As an experiment, I applied this “basil effect” to my own starter, as the plant had now reached the proportions that it was wise to nip its top to promote lateral growth. I chose a traditional French levain. For instructions on making the levain and attracting those wild yeasts, I turned to Daniel Leader’s wonderful book Local Breads: Sourdough and Whole-Grain Recipes from Europe’s Best Artisan Bakers. Leader very clearly lays out the step-by step procedure for the 4 day procedure (in some cases up to 10 days) to produce the starter.
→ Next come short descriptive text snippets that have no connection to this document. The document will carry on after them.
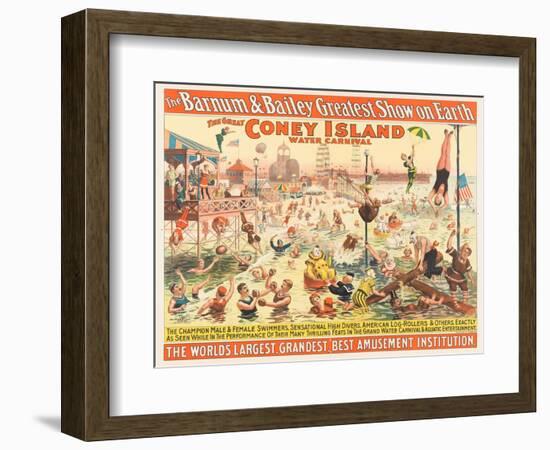 The Barnum and Bailey Greatest Show on Earth - the Great Coney Island Water Carnival, C.1898-null-Framed Giclee Print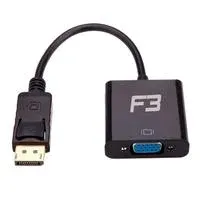 Adaptador Displayport Para Vga, F3, Preto - Jc-Cb-Dvga
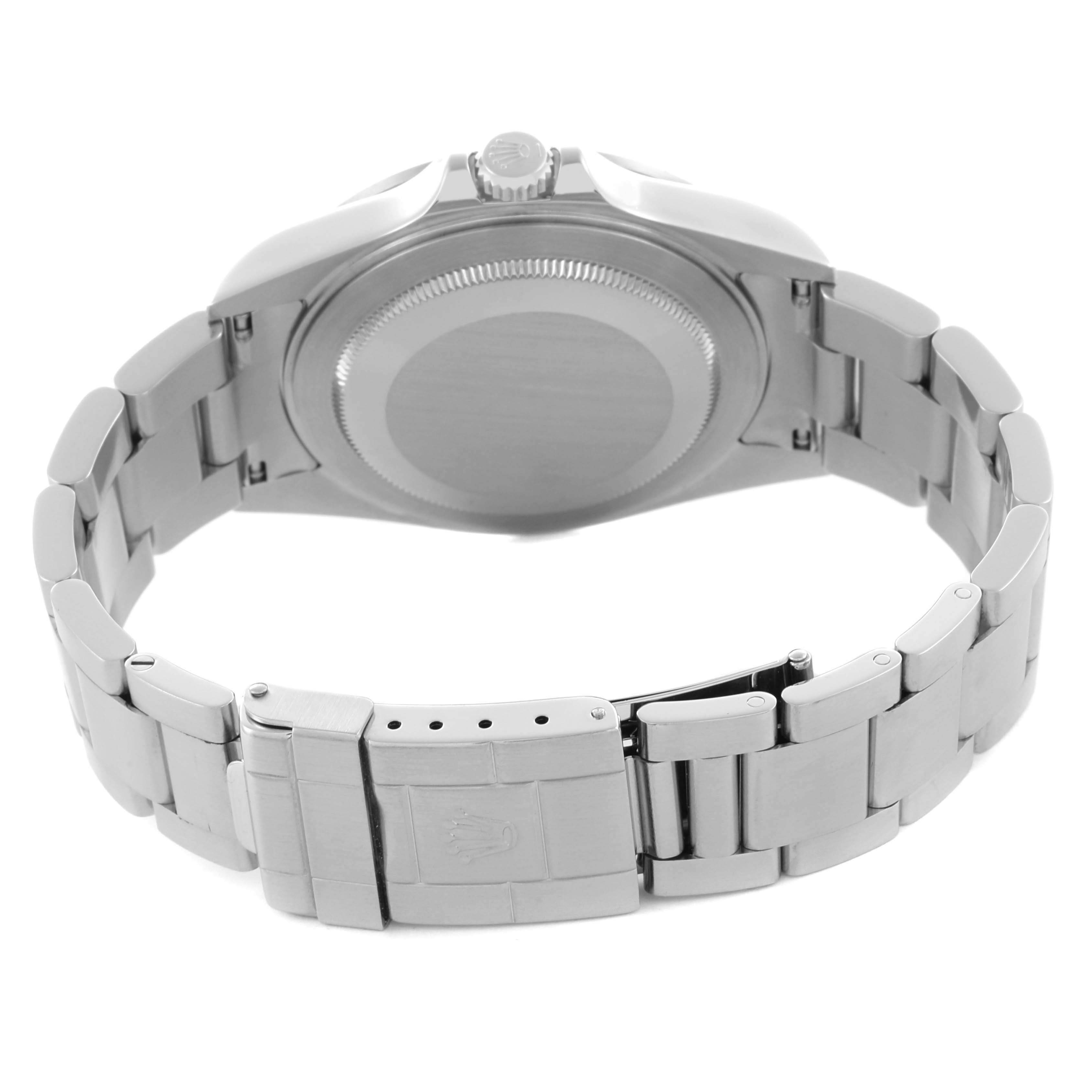 The image shows the back view of a Rolex Explorer 16570 Men's Stainless Steel White Dial 16570 Men's Stainless Steel White Dial watch, highlighting the case back and bracelet clasp.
I won’t repeat his lenghty instructions here, but if you are serious about making your own levain, I can highly recommend this book or Daniel Leader’ previous book, Bread Alone: Bold Fresh Loaves from Your Own Hands.
As you see in the photos above, I followed Leader’s instructions rigorously, but added a small sprig of the “blessed” basil to the dough, picking it out each time the levain needed to be fed or refreshed before placing it back again. Anything to help the process in a solid stone house in Northern England where the optimum temperatures for sour dough starters are rarely achieved. Whether it is due to science or superstition, the levain was created. Overnight, it magically trebled in volume!
I’ve named my starter “Vaso”, after a Greek friend and fellow bread baker. But, doubly appropriate since Vaso is a shortened form of Vasiliki, the feminine version Vasilios – both etymologically related to the Greek for king (vasilias, βασιλιάς), but also for the king of herbs, basil (vasileios, βασίλειος). A portion of the starter went to that friend who initially supplied me with the basil and the rest was put to use in my kitchen. The first baking with Vaso was brilliant – lovely crusty bread, chewy texture and a slight sour taste, just right for sourdough. Not sure the “basil effect” had a hand in the outcome, but I’m sure it didn’t hurt.